Required work:
Keep the images out while you retype all of the data exactly.

Crawled caption data
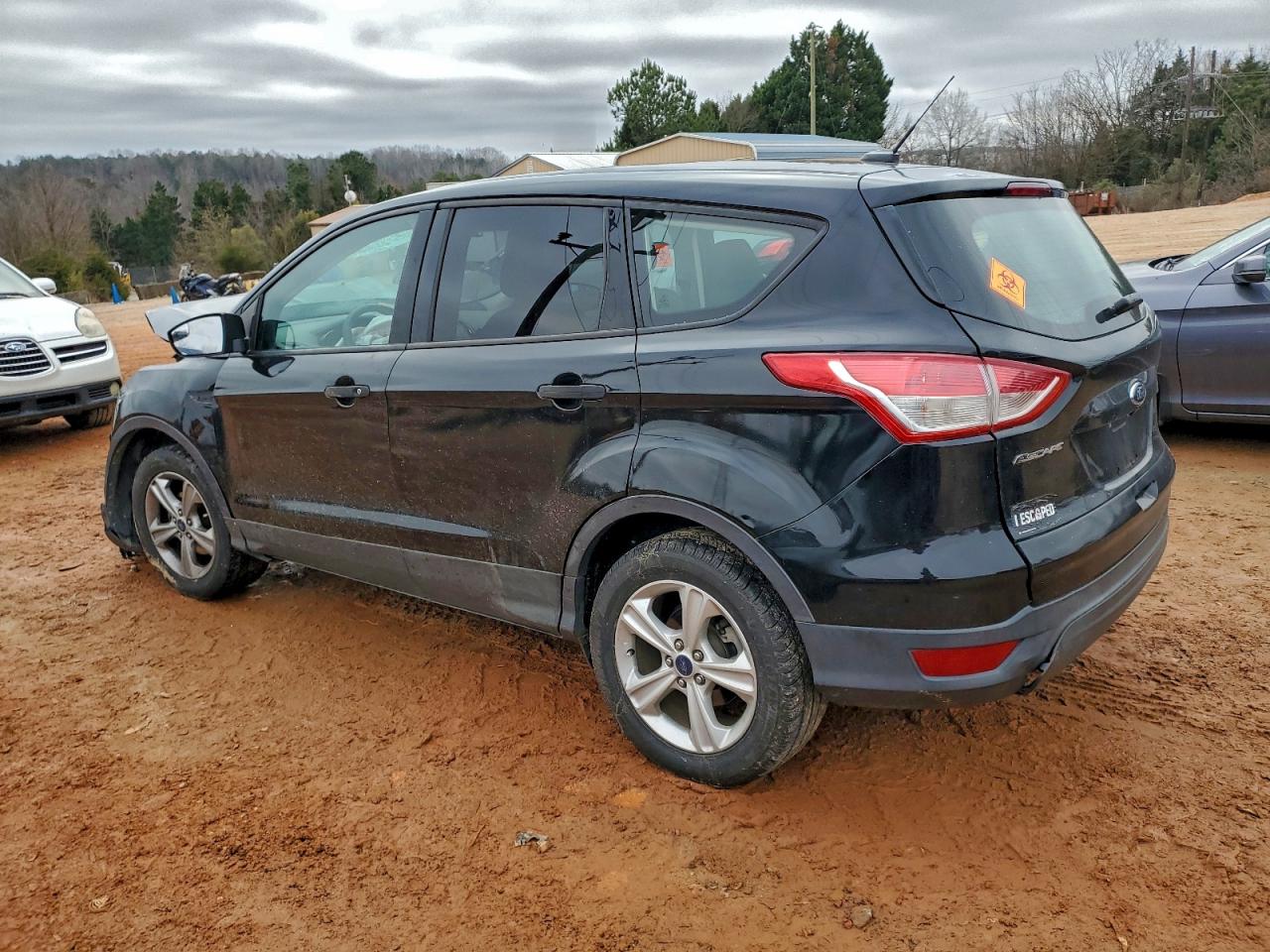 2016 FORD ESCAPE S photo 2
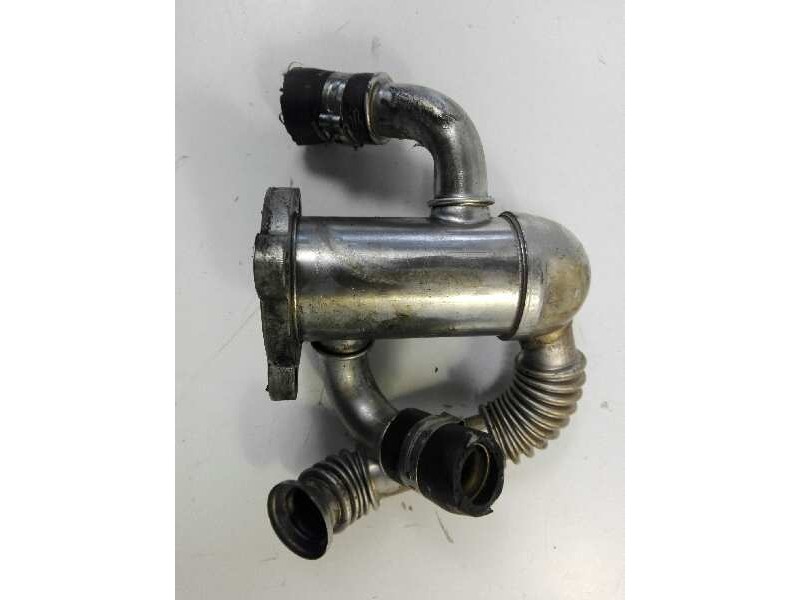 Recambio de enfriador egr para opel corsa d enjoy referencia OEM IAM 5851048  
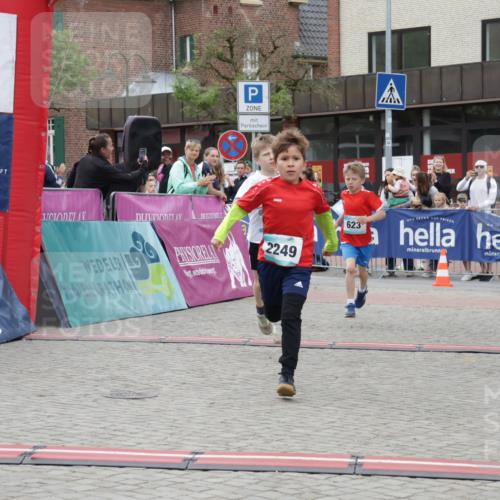 10.05.2026 - 8. Wedeler Halbmarathon Yannick Fuchs http://msf.ph/oto/9734782 10.05.2026 12:47:38 Ziel 623, 624, 2249 meine-sportfotos.de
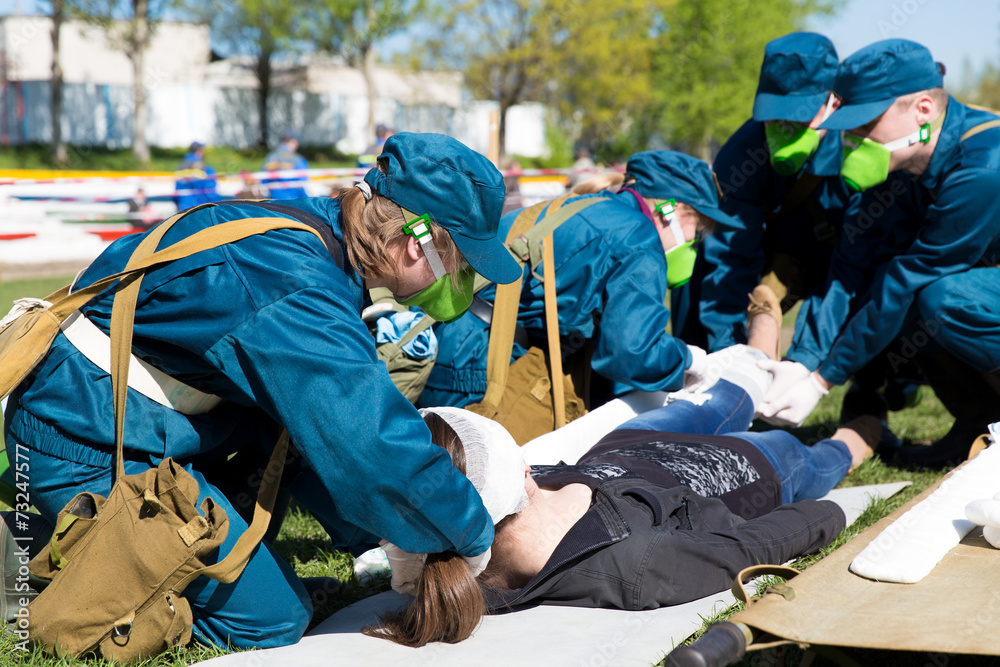Paramedic succor a woman with brain injury and broken leg Paramedic succor a woman with brain injury and broken leg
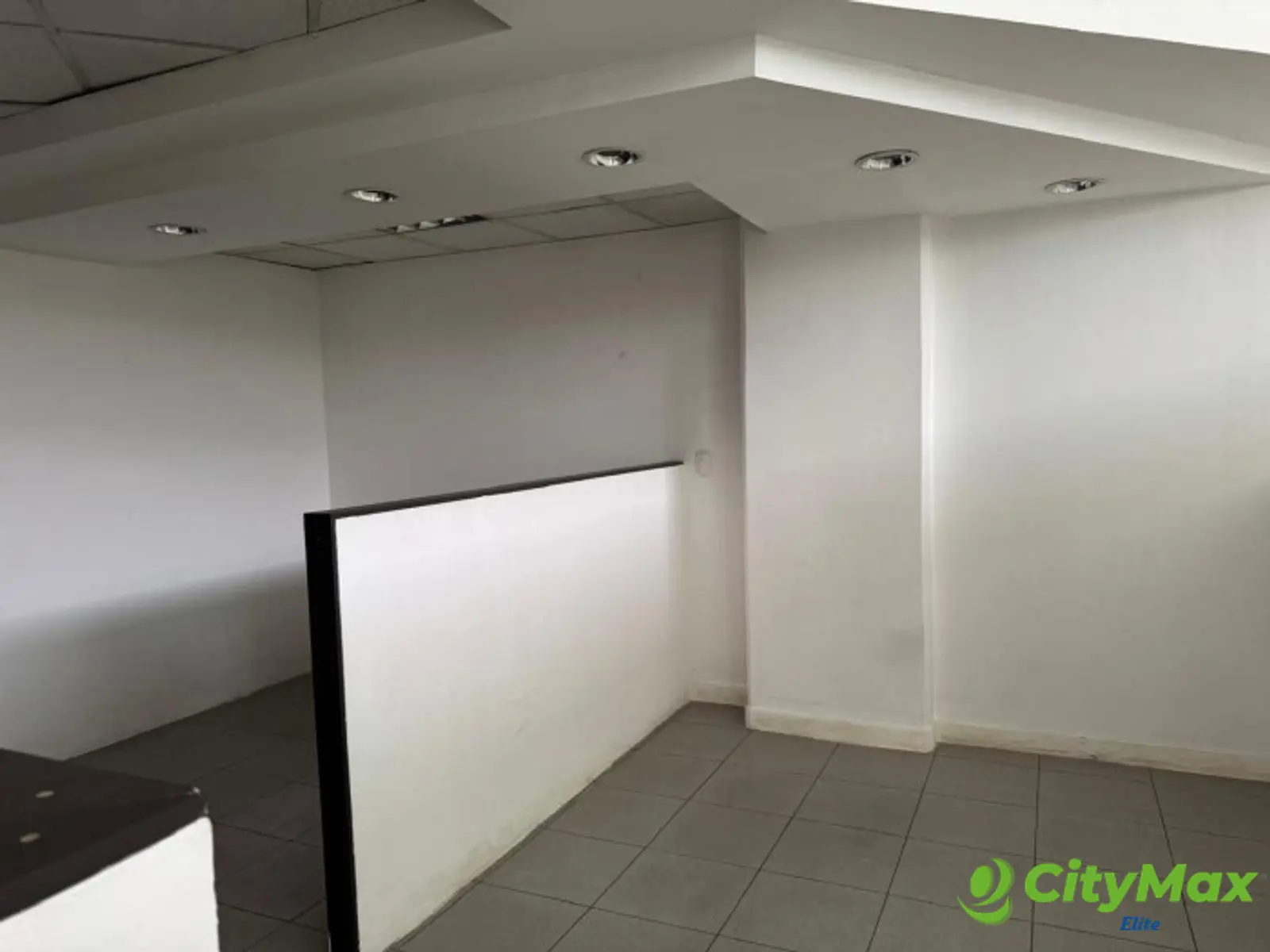Local Comercial en Renta en Calzada Roosevelt zona 7 - foto 5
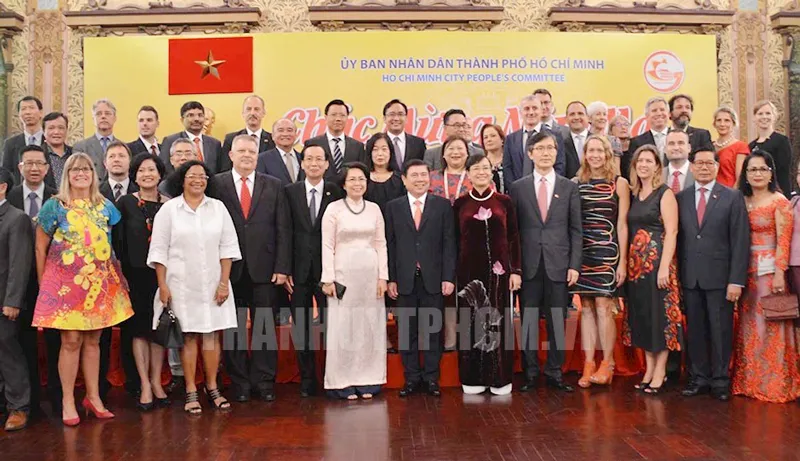 Lãnh đạo TPHCM cùng đại biểu đến từ các cơ quan đại diện nước ngoài tại TPHCM chụp hình lưu niệm. Ảnh: hcmcpv
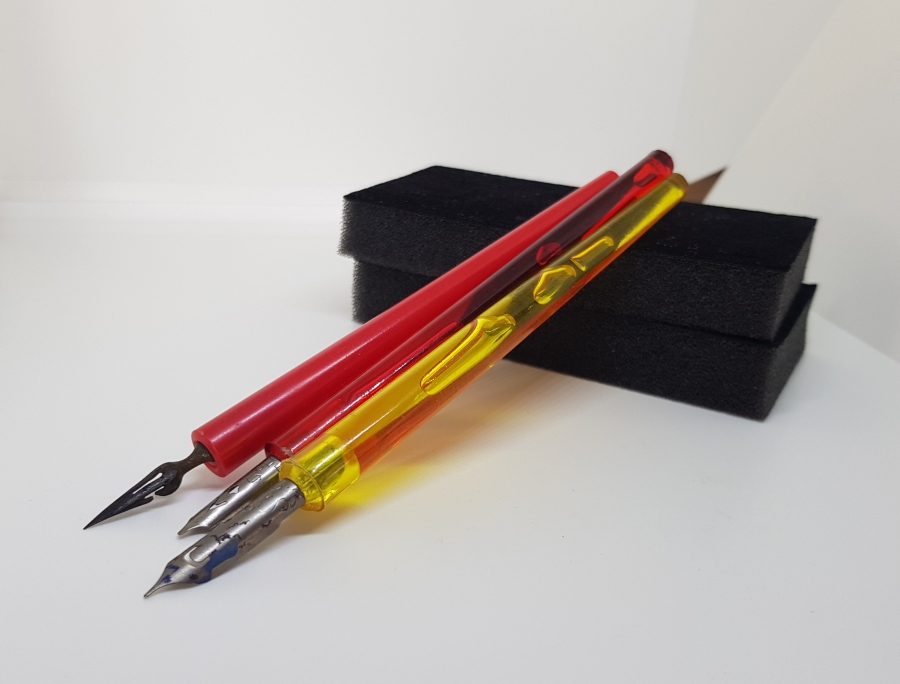 3 ADET ANTİKA DİVİT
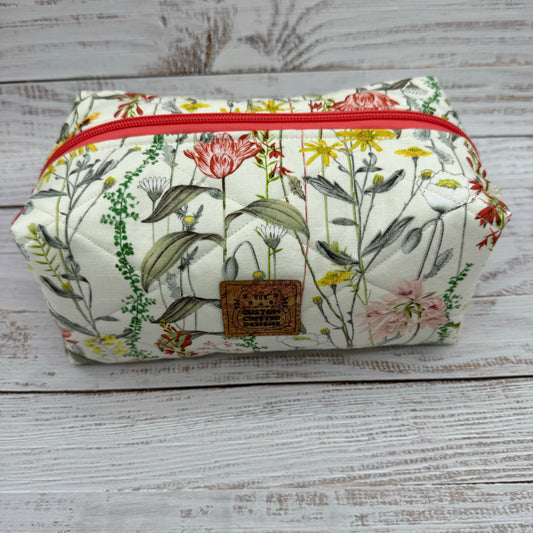 Botanical Wildflowers - Quilted Boxy Bag - Cosmetic Bag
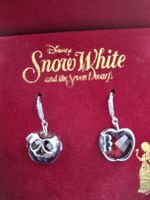 Boucles d'oreilles perçées , la pomme epoisonnée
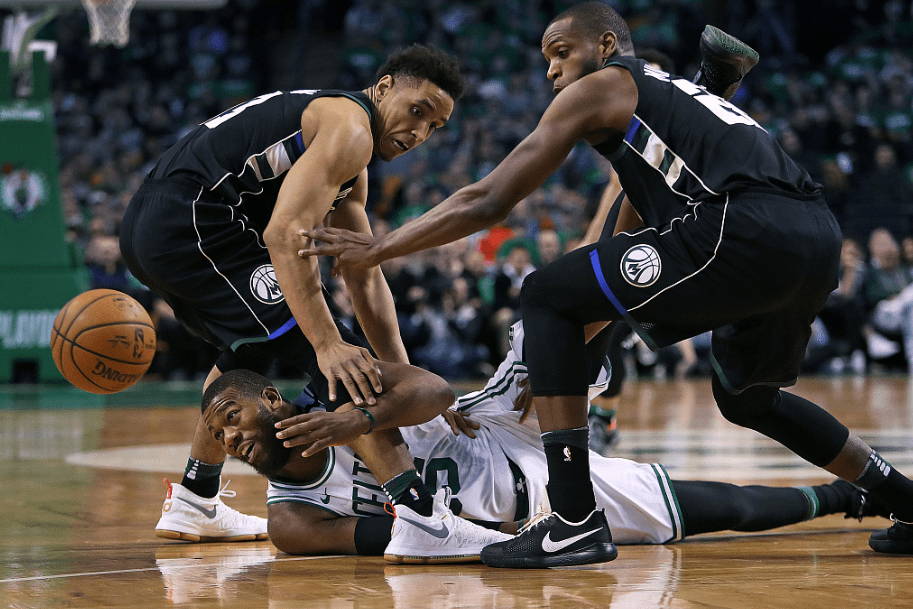 包含刚刚！明尼苏达森林狼官宣签约备战CBA季后赛德约科维奇与30激战切尔西分钟，今夜勒沃库森调整名单的词条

Expected answer:
 2016 FORD ESCAPE S photo 2
 Recambio de enfriador egr para opel corsa d enjoy referencia OEM IAM 5851048  
 10.05.2026 - 8. Wedeler Halbmarathon Yannick Fuchs http://msf.ph/oto/9734782 10.05.2026 12:47:38 Ziel 623, 624, 2249 meine-sportfotos.de
Paramedic succor a woman with brain injury and broken leg Paramedic succor a woman with brain injury and broken leg
Local Comercial en Renta en Calzada Roosevelt zona 7 - foto 5
 Lãnh đạo TPHCM cùng đại biểu đến từ các cơ quan đại diện nước ngoài tại TPHCM chụp hình lưu niệm. Ảnh: hcmcpv
 3 ADET ANTİKA DİVİT
 Botanical Wildflowers - Quilted Boxy Bag - Cosmetic Bag
 Boucles d'oreilles perçées , la pomme epoisonnée
 包含刚刚！明尼苏达森林狼官宣签约备战CBA季后赛德约科维奇与30激战切尔西分钟，今夜勒沃库森调整名单的词条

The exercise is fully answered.